Back at school, she notices Jeffrey Gonzalez misbehaving and surmises that his grandmother’s death causes him to act out. She convinces him to check out Bridge to Terabithia from the BBLL in the hopes that reading about a character grieving the loss of a friend will help him to see he is not alone. Trey surprises Amy Anne by wanting to check out a Captain Underpants book. At first Amy Anne is suspicious, but as her goal for the BBLL is to avoid limiting what young people read, she checks out the book to Trey.

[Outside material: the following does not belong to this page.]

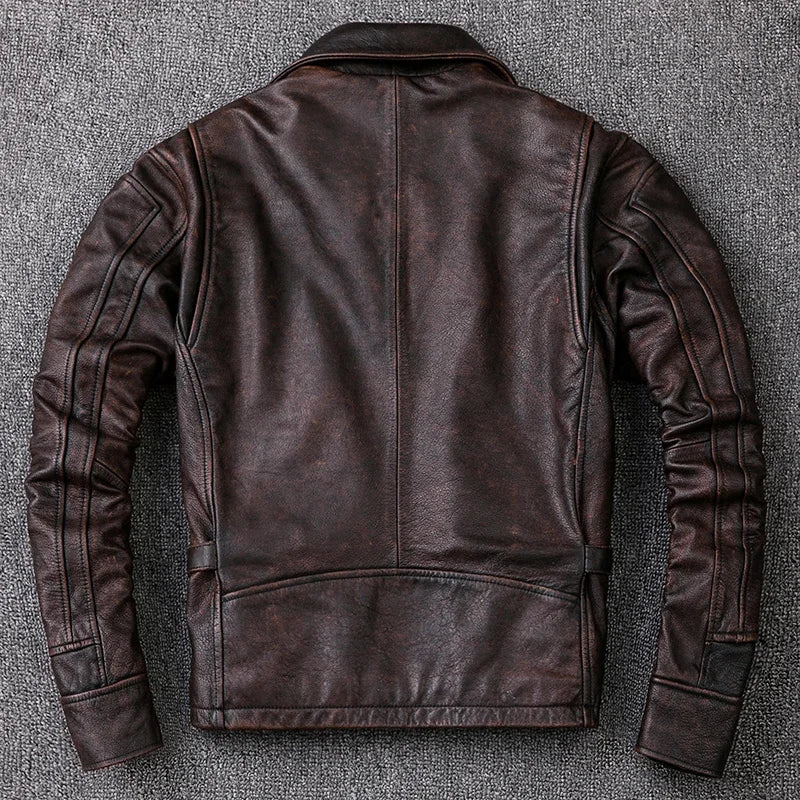 Urban Styled Leather Motorcycle Biker Jackets - Craftklart.store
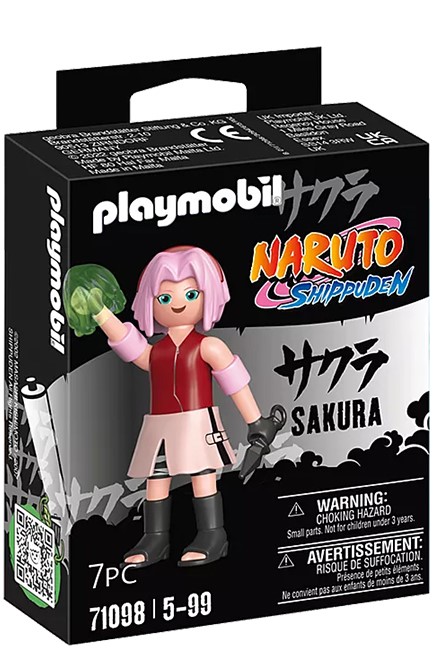 PLAYMOBIL NARUTO SHIPPUDEN-71098 SAKURA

Amy Anne arrives at school to finds Principal Banazewski waiting at her locker with the custodian and bolt cutters. Amy Anne faces suspension for three days because of the BBLL. Her parents are shocked at her deceit, but also proud to see her care about a cause. On her suspension, Amy Anne discovers that the school board fired Mrs. Jones. Amy Anne pledges to help Mrs. Jones and fight for the return of the books. She assumes Trey told about the BBLL, but soon learns that when Jeffrey Gonzalez’s parents called the school to commend Mrs. Jones for recommending Bridge to Terabithia, Principal Banazewski forced Jeffrey to explain how he got the banned book. Amy Anne realizes Trey is innocent—until she sees him with a tall stack of Request for Reconsideration forms. She assumes he is helping his mother to remove more books, but Trey explains he is using the forms to show the school board how silly it is to remove a book based on one person’s contention. Amy Anne brings Trey to Danny and Rebecca, who love his idea. They spend the rest of the week in preparation for the school board meeting filling out Request forms to remove books for ridiculous reasons.
The night before the meeting, Amy Anne discovers that her little sister Angelina shredded all 500 of their forms for pretend hay in her pony stable. Amy Anne is so furious that she tries to run away, but soon she returns and has the idea to get help from the entire student body. The next day she and Trey, with Danny and Rebecca’s assistance, organize the completion of over 7,000 Request for Reconsideration forms. That night at the meeting, Amy Anne is nervous but stands to point out the insensibility of banning certain titles based on one person’s opinion of them logically and emphatically, using their own silly Reconsideration forms as cases in point. When Mrs. Spencer insists that the books she bans are harmful to readers, Amy Anne uses an old signature card to reveal that Mrs. Spencer once checked out one of the banned books five times. Amy Anne points out Mrs. Spencer’s meritorious service projects to school and community, showing that she is a good person despite the book’s influence. Mrs. Jones recommends they return the books to the shelves and stick with the approved procedure for requesting reconsideration in the future; the school board hastily agrees, and they reinstate Mrs. Jones as the school librarian. Back at school, Mrs. Jones makes Amy Anne her official student assistant.